Les Occidentaux ont tendance à ignorer que la modernisation rapide de la Russie et de certains pays d'Europe de l'Est a coïncidé avec l'avènement du socialisme d'État. En 1910, par exemple, l'espérance de vie en Russie tsariste avoisine 33 ans, contre 49 ans en France. En 1970, elle a plus que doublé, atteignant en URSS 68 ans, soit trois ans de moins seulement qu'en France. L'Union soviétique inscrit le principe d'égalité juridique entre les sexes dans sa Constitution dès 1918 et légalise l'avortement en 1920 — une première mondiale. Elle déploie des efforts ambitieux pour financer des modes de garde d'enfant collectifs bien avant que l'Ouest ne s'en préoccupe, et investit massivement dans l'instruction et la formation des femmes. Malgré les multiples dysfonctionnements de la planification centralisée, le bloc de l'Est accomplit après la seconde guerre mondiale d'importants progrès scientifiques et technologiques, auxquels les femmes contribuent grandement.
Bien sûr, tout est loin d'être parfait. L'avortement est à nouveau interdit en 1936 et le demeurera jusqu'en 1955. La culture patriarcale oblige les femmes à assumer, en plus de leur travail rémunéré, les tâches domestiques dont les hommes refusent de s'acquitter. À cause des pénuries, l'achat de produits de base exige autant d'efforts qu'une ascension de l'Himalaya ; les couches jetables ou les produits d'hygiène féminine sont souvent impossibles à se procurer. Et les échelons supérieurs du pouvoir politique et économique restent largement occupés par des hommes. Pourtant, les progrès sont notables. Après 1945, les femmes vivant en Union soviétique et en Europe de l'Est intègrent largement la population active, tandis qu'en Occident elles restent souvent cantonnées à la cuisine et à l'église.
Durant le guerre froide, leur statut dans la société suscite entre les deux blocs une rivalité qui joue un rôle d'aiguillon pour les pays occidentaux. En 1942, les Américains découvrent, fascinés, les exploits de la jeune tireuse d'élite soviétique Lioudmila Pavlitchenko (309 nazis tués à son palmarès), qui effectue une tournée aux états-Unis en compagnie de la première dame Eleanor Roosevelt. Washington ne commence à s'inquiéter de la menace que représente l'émancipation des femmes soviétiques qu'après le lancement du satellite Spoutnik, en 1957. L'URSS, qui mobilise deux fois plus de matière grise que les États-Unis — celle des hommes et celle des femmes —, ne risque-t-elle pas de les devancer dans la conquête de l'espace ? Le gouvernement américain adopte l'année suivante une loi pour la défense nationale qui alloue des fonds à la formation scientifique des femmes.

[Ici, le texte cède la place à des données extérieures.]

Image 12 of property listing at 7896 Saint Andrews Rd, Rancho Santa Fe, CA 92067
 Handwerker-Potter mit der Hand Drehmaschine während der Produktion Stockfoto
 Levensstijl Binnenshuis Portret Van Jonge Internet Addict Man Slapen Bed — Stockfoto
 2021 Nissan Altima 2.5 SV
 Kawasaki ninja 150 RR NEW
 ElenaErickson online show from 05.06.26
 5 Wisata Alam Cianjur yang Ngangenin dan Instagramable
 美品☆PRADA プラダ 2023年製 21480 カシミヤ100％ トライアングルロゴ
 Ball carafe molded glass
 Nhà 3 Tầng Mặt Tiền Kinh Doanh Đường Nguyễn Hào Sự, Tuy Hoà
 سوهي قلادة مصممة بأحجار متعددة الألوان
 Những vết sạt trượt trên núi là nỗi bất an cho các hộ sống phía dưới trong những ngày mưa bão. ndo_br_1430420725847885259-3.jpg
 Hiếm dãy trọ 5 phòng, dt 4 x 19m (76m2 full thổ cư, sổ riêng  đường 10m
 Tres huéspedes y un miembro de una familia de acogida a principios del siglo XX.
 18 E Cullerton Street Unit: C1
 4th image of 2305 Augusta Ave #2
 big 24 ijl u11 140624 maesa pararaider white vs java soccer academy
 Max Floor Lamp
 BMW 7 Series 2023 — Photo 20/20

Le 14 décembre 1961, le président John F. Kennedy signe le décret 10980, à l'origine de la première commission présidentielle sur la condition de la femme. Le préambule cite parmi ses raisons d'être la sécurité nationale, non seulement parce que l'État a besoin d'une armée de réserve de travailleuses en temps de guerre, mais aussi parce que les dirigeants américains redoutent que les idéaux socialistes ne séduisent les femmes au foyer américaines frustrées et ne les jettent dans les bras des « rouges ».
Le 17 juin 1963, on peut lire en « une » du New York Herald Tribune : « Une Soviétique blonde devient la première femme envoyée dans l'espace », et du Springfield Union : « Les Soviétiques envoient en orbite la première cosmonette ». Les journaux publient des images de Valentina Terechkova, âgée de 26 ans, souriante dans son scaphandre de cosmonaute portant l'inscription cyrillique « CCCP » ( « URSS » en alphabet latin). « Les Russes apportent ainsi la preuve que la femme peut rivaliser avec l'homme dans les exercices les plus difficiles auxquels nous convie l'évolution de la technique », écrit Nicolas Vichney dans Le Monde du 18 juin 1963. Tandis que les dirigeants occidentaux continuent de craindre les conséquences de la libération des femmes sur la vie familiale traditionnelle, les Soviétiques mettent l'une d'elles en orbite… En réaction au nombre de médailles d'or accumulées par les sportives soviétiques aux Jeux olympiques de Munich en 1972, les Américains adoptent cette année-là une loi en faveur de l'athlétisme féminin. Chaque avancée dans le bloc de l'Est oblige les pays capitalistes à prendre de nouvelles mesures.

Le Monde diplomatique n° 808, juillet 2021 : Les « grands-mères rouges » du mouvement international des femmes. p. 14-15.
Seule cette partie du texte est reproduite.